Chronic Diarrhea: Diagnosis and Management

Lawrence R. Schiller; Darrell S. Pardi; Joseph H. Sellin

Disclosures

Clin Gastroenterol Hepatol. 2017;15(2):182-193. 

In This Article

How Can Symptom Clusters and Settings Focus the Differential Diagnosis?

Recommendation

3. Consider comorbid symptoms and epidemiologic clues when constructing a differential diagnosis. (2c)

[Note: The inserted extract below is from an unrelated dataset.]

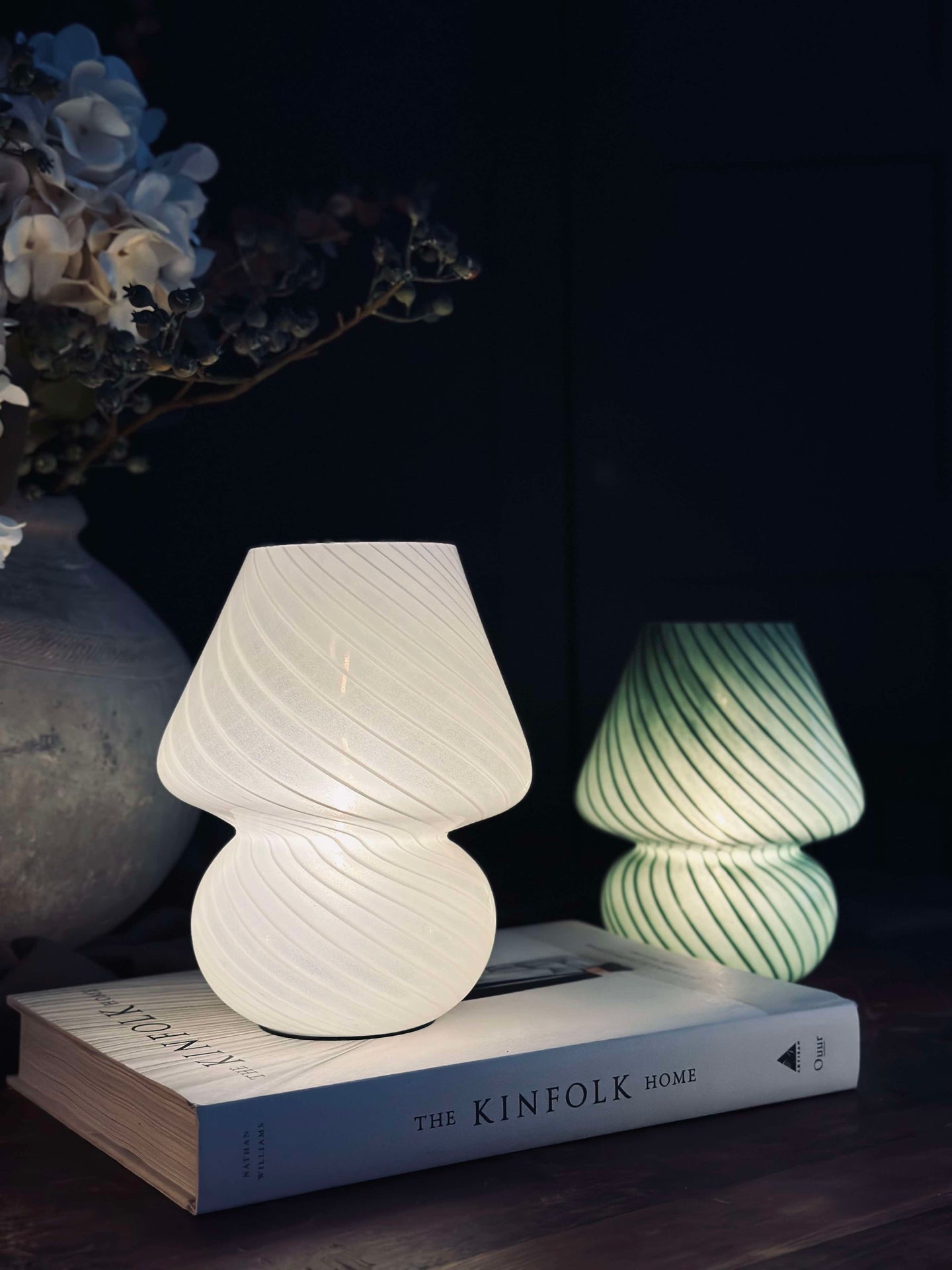 Mushroom Small – Vitt munblåst glas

The main distinction in patients with chronic diarrhea is between functional and organic etiologies. The functional category includes irritable bowel syndrome (IBS), when abdominal pain accompanies the diarrhea, and functional diarrhea, when abdominal pain is absent.[3] IBS can be prospectively characterized by symptoms such as those defined by the Rome IV criteria (recurrent abdominal pain at least 3 days per month in the last 3 months, associated with a change in stool frequency or form, and improvement with defecation).[3] Functional diarrhea is defined as similar stool changes without prominent pain.[3] However, many patients with organic causes of chronic diarrhea such as microscopic colitis often fulfill these criteria.[5] Therefore, these criteria are not sufficiently specific to rule out organic etiologies. However, for patients with relatively mild symptoms and no alarm features such as gastrointestinal (GI) bleeding, fevers, or significant weight loss, those meeting the Rome IV criteria for IBS or functional diarrhea can be managed with empiric therapy. If empiric therapy fails, then further diagnostic testing may be considered.

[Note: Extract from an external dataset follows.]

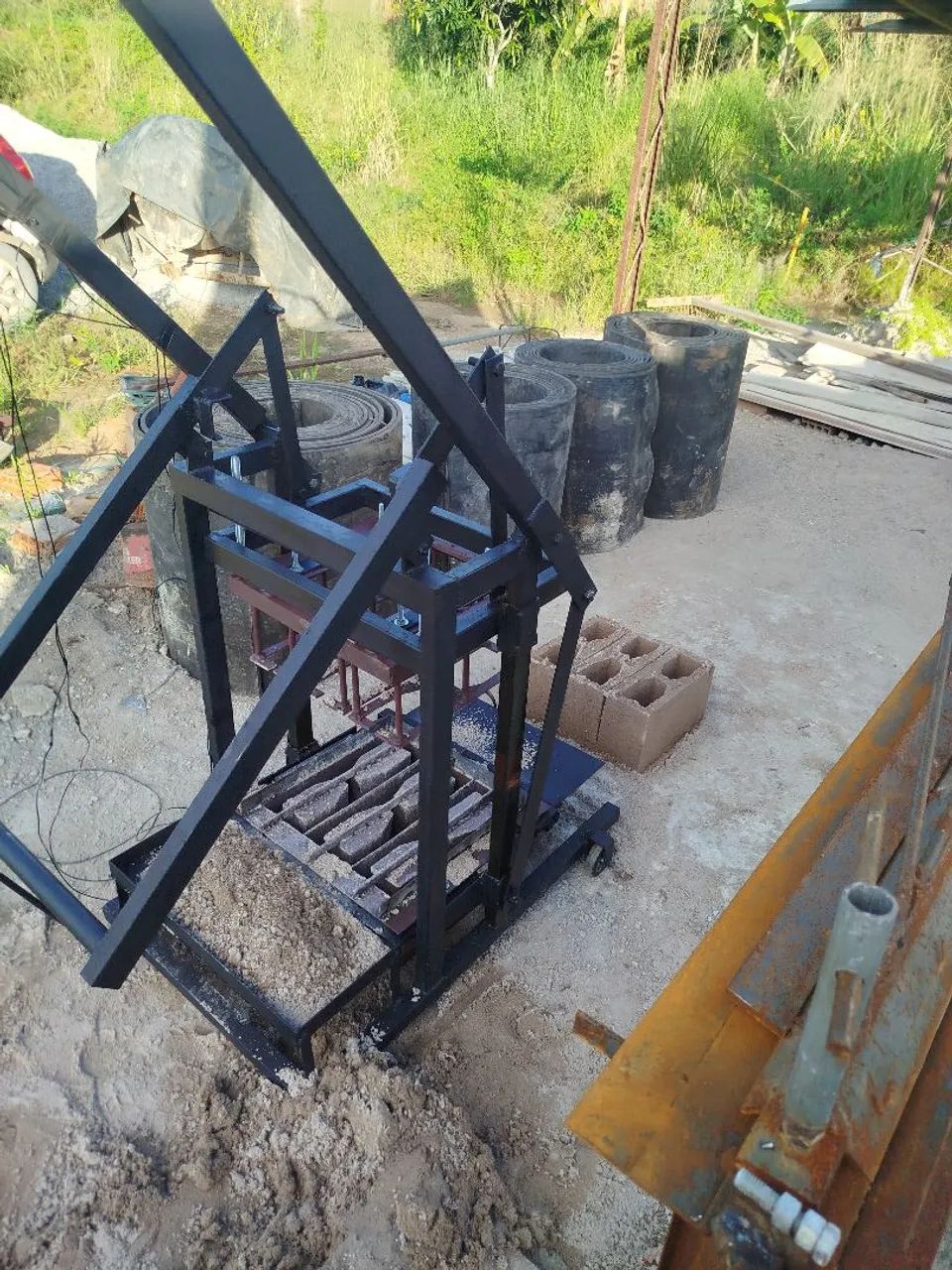 Máquina poedeira de blocos de concreto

Other symptom clusters can also be helpful in suggesting a specific diagnosis. Significant abdominal pain, fever, or GI bleeding suggests an inflammatory cause for diarrhea. Gas and bloating suggest carbohydrate malabsorption. Substantial weight loss suggests malabsorption, maldigestion, or a malignancy (particularly in an older person). Fatigue and night sweats suggest lymphoma, whereas anemia or change in stool caliber suggests colorectal malignancy. The positive predictive values of these symptoms for the underlying problems causing chronic diarrhea are unknown but likely are low. Physical findings can indicate the impact of diarrhea on nutrition and sometimes suggest a specific diagnosis (Supplementary Table 1).

The characteristics of the stool also help. Small, frequent bowel movements with tenesmus and bleeding suggest proctitis, whereas larger volume, less frequent stools suggest a small bowel source of diarrhea. Steatorrhea indicates either fat maldigestion or malabsorption.

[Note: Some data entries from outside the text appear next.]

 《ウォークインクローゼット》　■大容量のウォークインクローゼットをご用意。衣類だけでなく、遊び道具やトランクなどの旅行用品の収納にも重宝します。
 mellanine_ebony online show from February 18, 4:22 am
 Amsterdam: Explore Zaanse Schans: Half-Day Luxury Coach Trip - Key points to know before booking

Epidemiologic associations and patient characteristics also help limit the differential diagnosis[6] (Supplementary Table 2). Immunosuppressed patients with human immunodeficiency virus (HIV)/acquired immunodeficiency syndrome are at increased risk for common and uncommon, opportunistic infections. Recent travelers and migrants from endemic areas with chronic diarrhea should be tested for protozoa, atypical infections, Strongyloides, and tropical sprue. In patients with a history of constipation, the possibility of overflow diarrhea due to obstipation should be considered, especially if diarrhea worsens despite antidiarrheal therapy. Patients with diabetes or those attempting to lose weight should be questioned about consumption of diet foods containing poorly absorbed sugar alcohols.